Bug 877978

Summary: engine: we are able to create live snapshot and suspend vm
Product: Red Hat Enterprise Virtualization Manager Reporter: Dafna Ron <dron>
Component: ovirt-engineAssignee: Maor <mlipchuk>
Status: CLOSED CURRENTRELEASE QA Contact: Dafna Ron <dron>
Severity: high Docs Contact:
Priority: high    
Version: 3.1.0CC: abaron, amureini, dyasny, hateya, iheim, italkohe, lpeer, Rhev-m-bugs, sgrinber, yeylon, ykaul
Target Milestone: ---Keywords: ZStream
Target Release: 3.2.0   
Hardware: x86_64   
OS: Linux   
Whiteboard: storage
Fixed In Version: sf5 Doc Type: Bug Fix
Doc Text:
Cause: Race between live snapshot and VM hibernate, cause results which might be undefined. Fix: The proposed fix is adding hibernateVM lock on the VM to avoid this behaviour.
Story Points: ---
Clone Of:
: 902484 (view as bug list) Environment:
Last Closed: Type: Bug
Regression: --- Mount Type: ---
Documentation: --- CRM:
Verified Versions: Category: ---
oVirt Team: Storage RHEL 7.3 requirements from Atomic Host:
Cloudforms Team: --- Target Upstream Version:
Embargoed:
Bug Depends On:    
Bug Blocks: 902484, 915537    
Attachments:
Description Flags
logs none

Description Dafna Ron 2012-11-19 11:07:37 UTC
Created attachment 647695 [details]
logs

Description of problem:

engine does not lock the vm right away which allowed me to create a live snapshot and move the vm to hibernate at the same time. 
once that happens it appears that both actions succeeded but if we try to create a second snapshot we get the following error in vdsm: 

Thread-299::ERROR::2012-11-19 12:49:18,041::libvirtvm::1812::vm.Vm::(snapshot) vmId=`10796f9e-6b75-43fa-984a-bcdd4f6d562f`::The base volume doesn't exist: {'device': 'disk', 'domainID': '59022168-9350-41d1-9e6f-5ef87b6bcd42', 'volumeID': '9ddcecc2-5560-442a-9ac9-eb2be49e7112', 'imageID': 'c2a9831d-cb22-45a5-bffa-622d43d27d53'}

Version-Release number of selected component (if applicable):

si24.2
vdsm-cli-4.9.6-43.0.el6_3.noarch

How reproducible:

100%

Steps to Reproduce:
1. create and run a vm
2. create live snapshot -> hibernate the vm
3. run the vm -> try to create a second snpahsot
  
Actual results:

both actions appear to succeed. but if we try to create a second snapshot we get error from vdsm 

Expected results:

we should fail to hibernate the vm once we started a snapshot

Additional info:logs


this is the vm: 

[root@gold-vdsd ~]# vdsClient -s 0 list table
10796f9e-6b75-43fa-984a-bcdd4f6d562f   4297  RHEL_Clone           Up    

please note that it was running on hsm and the error is on the hsm log and not the spm log

Comment 4 Maor 2013-01-21 17:13:46 UTC
The proposed fix was to add locks when hibernate a VM and when creating a snapshot.

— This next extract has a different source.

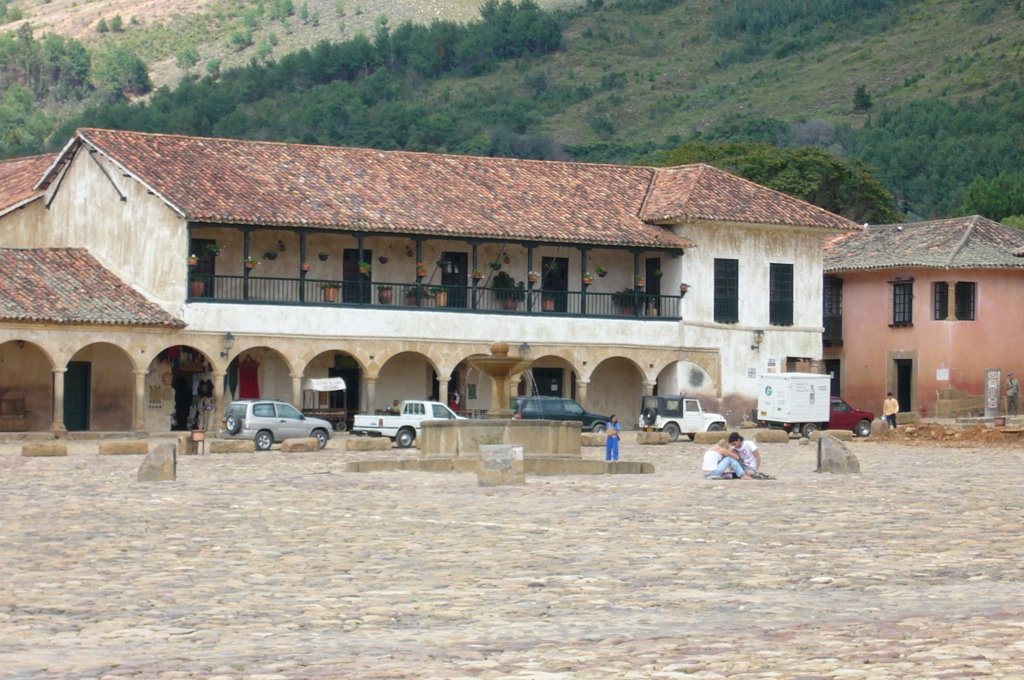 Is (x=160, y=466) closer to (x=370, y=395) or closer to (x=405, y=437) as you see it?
(x=405, y=437)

There is another issue which I encountered, that when the VM was already at hibernate state I tried to create a snapshot, and when the VM was Up again after hibernation the VM disks were still running upon the original volume and not the new created one.

I suspect that the VDSM exception origin was from that issue,
although I tried to reproduce it, but all worked fine for me (accept the bug I encountered).

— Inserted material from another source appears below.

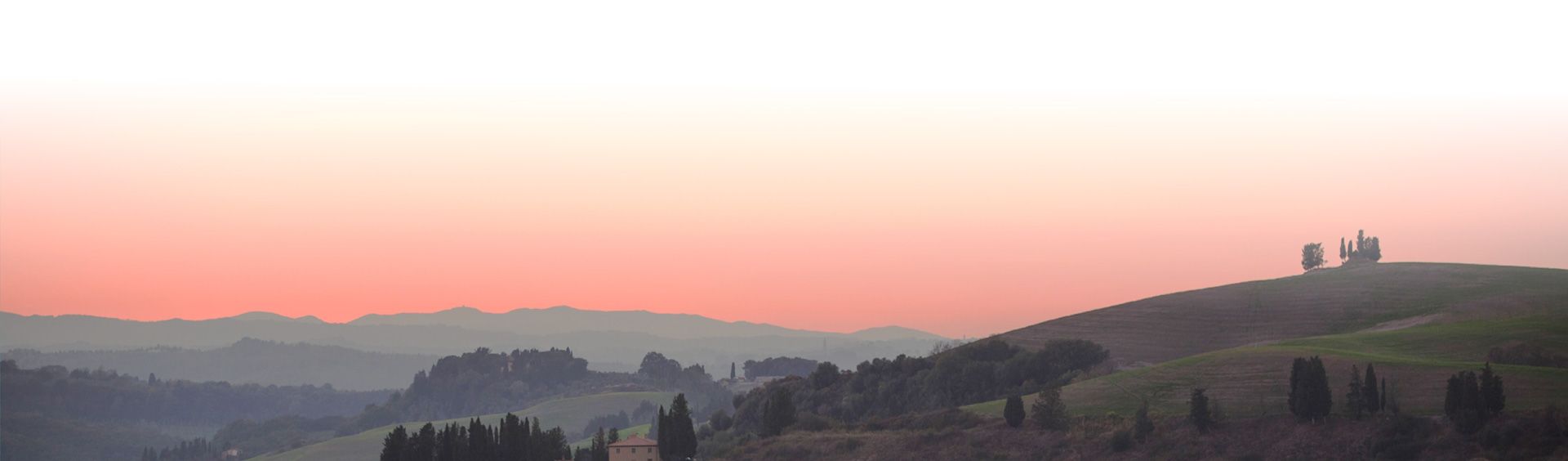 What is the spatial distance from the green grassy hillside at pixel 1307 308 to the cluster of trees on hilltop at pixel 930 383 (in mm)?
4570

I think that this bug should be split to two,
one for the race between create snapshot and hibernate
and the other on run VM after a snapshot was created while it was suspended.
What do you think?

Comment 5 Ayal Baron 2013-01-21 18:30:26 UTC
(In reply to comment #4)
> The proposed fix was to add locks when hibernate a VM and when creating a
> snapshot.
> 
> There is another issue which I encountered, that when the VM was already at
> hibernate state I tried to create a snapshot, and when the VM was Up again
> after hibernation the VM disks were still running upon the original volume
> and not the new created one.
> 
> I suspect that the VDSM exception origin was from that issue,
> although I tried to reproduce it, but all worked fine for me (accept the bug
> I encountered).
> 
> I think that this bug should be split to two,
> one for the race between create snapshot and hibernate

Ack.

> and the other on run VM after a snapshot was created while it was suspended.
> What do you think?

Is this reproducible? if so then please file a bug.

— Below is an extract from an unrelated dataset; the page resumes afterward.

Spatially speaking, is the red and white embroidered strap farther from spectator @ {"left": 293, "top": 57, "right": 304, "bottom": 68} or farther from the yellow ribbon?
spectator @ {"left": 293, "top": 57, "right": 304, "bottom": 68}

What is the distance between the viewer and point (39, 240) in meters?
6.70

Comment 9 Dafna Ron 2013-02-05 13:41:56 UTC
verified that lock exists on sf5

Comment 11 Itamar Heim 2013-06-11 08:48:48 UTC
3.2 has been released

Comment 12 Itamar Heim 2013-06-11 08:48:48 UTC
3.2 has been released

Comment 13 Itamar Heim 2013-06-11 08:49:11 UTC
3.2 has been released

Comment 14 Itamar Heim 2013-06-11 08:53:46 UTC
3.2 has been released

Comment 15 Itamar Heim 2013-06-11 09:24:24 UTC
3.2 has been released